Goal of the exercise: Nothing but the lines from the one containing "Kämpfende Vögel (CALVENDO" to the final line of the entries should appear, copied exactly and without pictures.

[Source records]
________

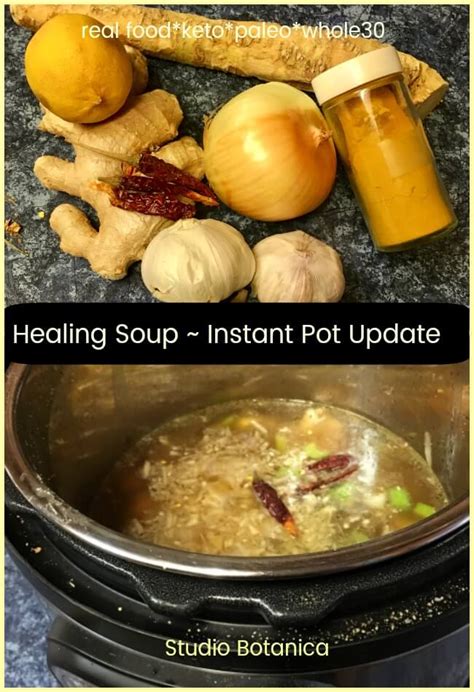 Instant Pot Healing Soup Recipe Studio Botanica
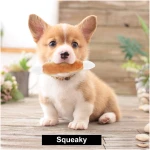 Nocciola Dog Squeaky Toys, Plush Small Dog Toys for Dogs, Stuffed Dog Toys with Squeakers,12 pcs Puppy Toys with a Carrying Bag for Small Medium Size Dogs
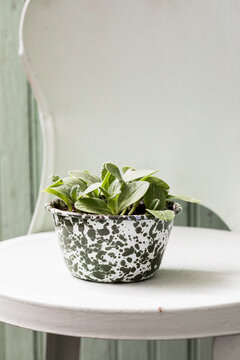 seedlings in enamelware spatter pots
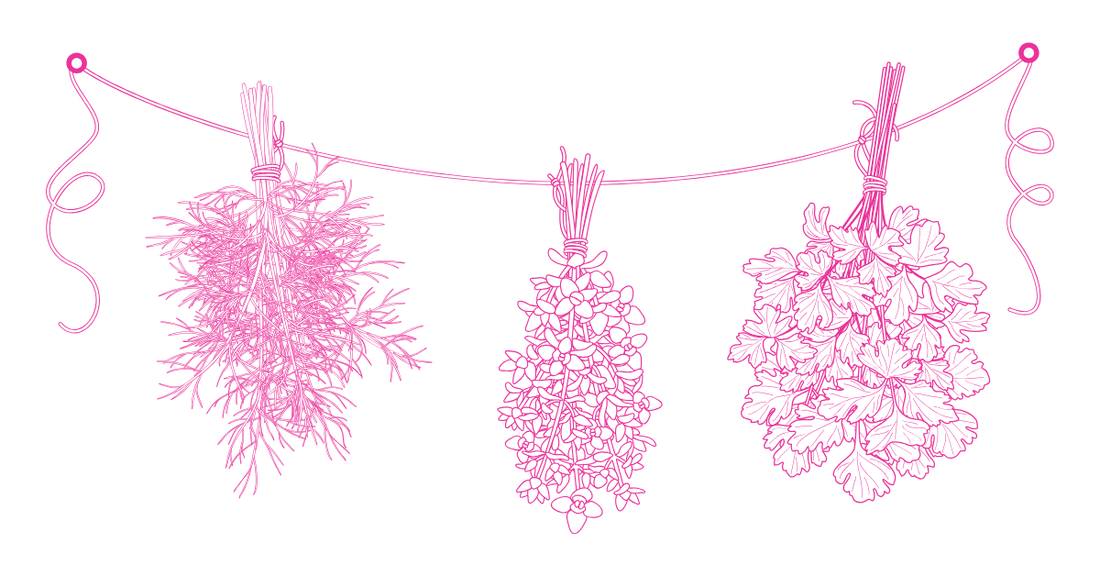 How To Use Herbs in Spells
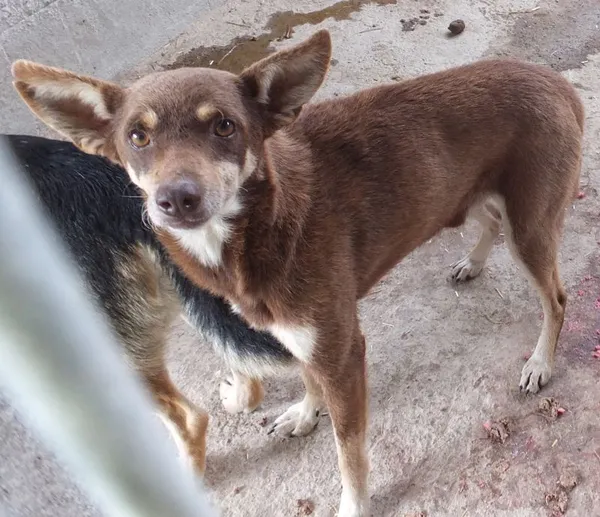 Znaleziono psa, Nowa Krępa, 28 września 2025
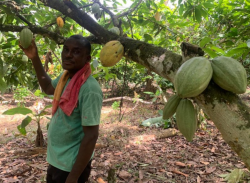 Cocoa farmer Gh.PNG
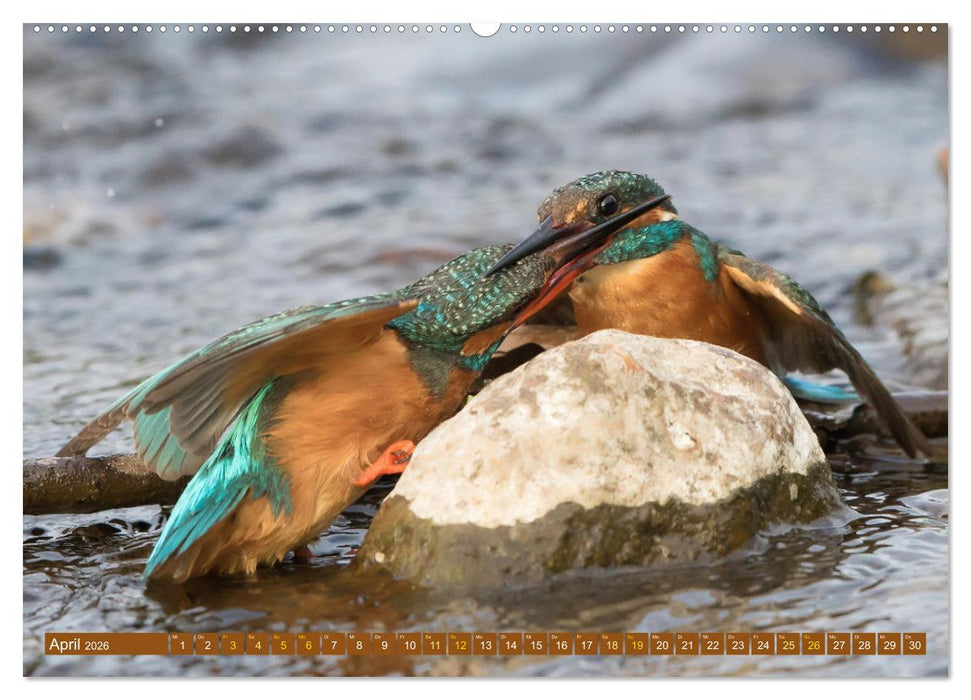 Kämpfende Vögel (CALVENDO Premium Wandkalender 2026)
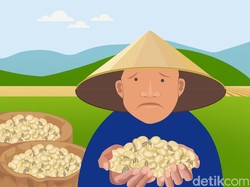 Mereduksi Ketergantungan Impor Kedelai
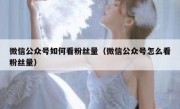 微信公众号如何看粉丝量（微信公众号怎么看粉丝量）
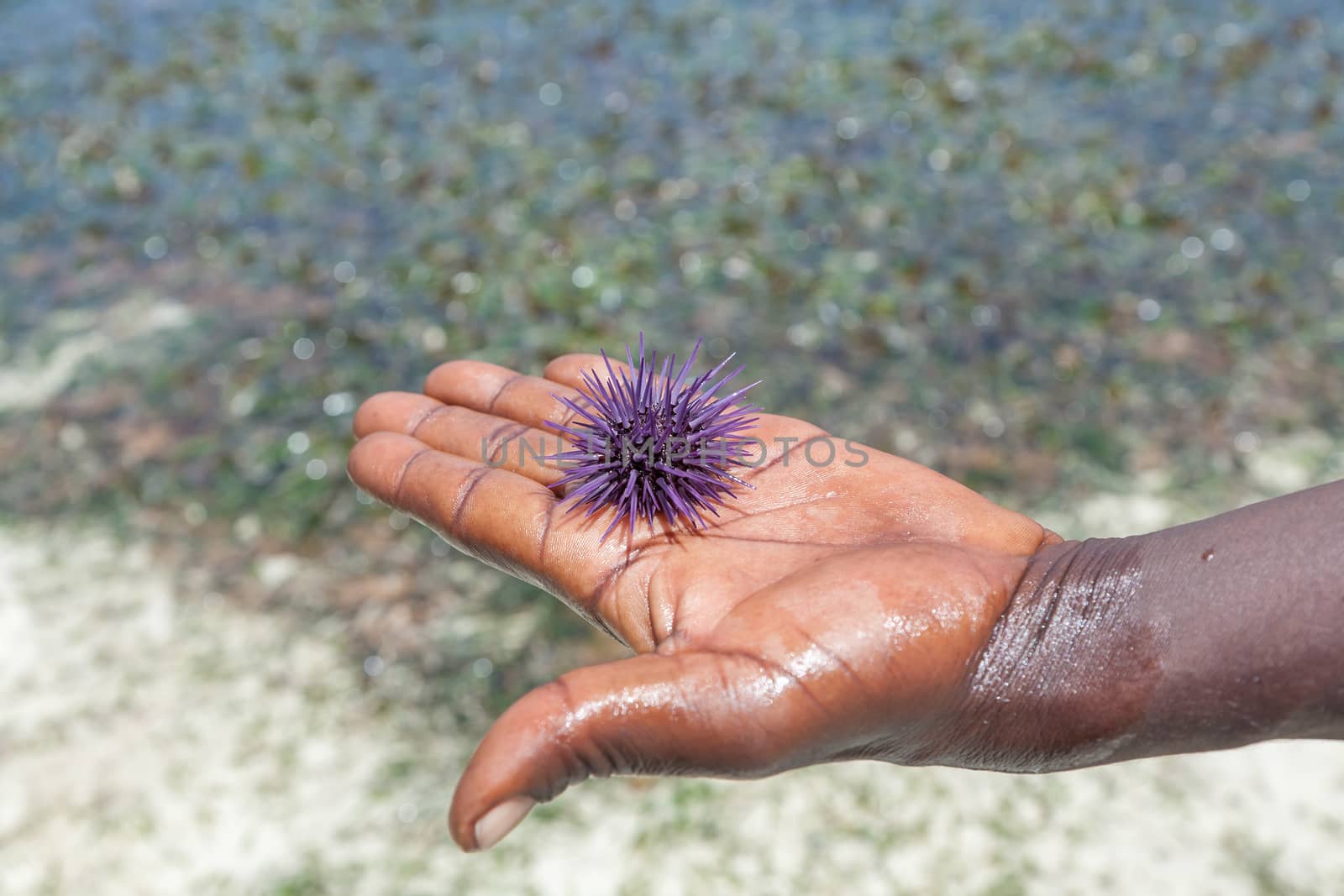 The small purple sea hedgehog lays on a man's hand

________

Answer for the task:
 Kämpfende Vögel (CALVENDO Premium Wandkalender 2026)
 Mereduksi Ketergantungan Impor Kedelai
 微信公众号如何看粉丝量（微信公众号怎么看粉丝量）
 The small purple sea hedgehog lays on a man's hand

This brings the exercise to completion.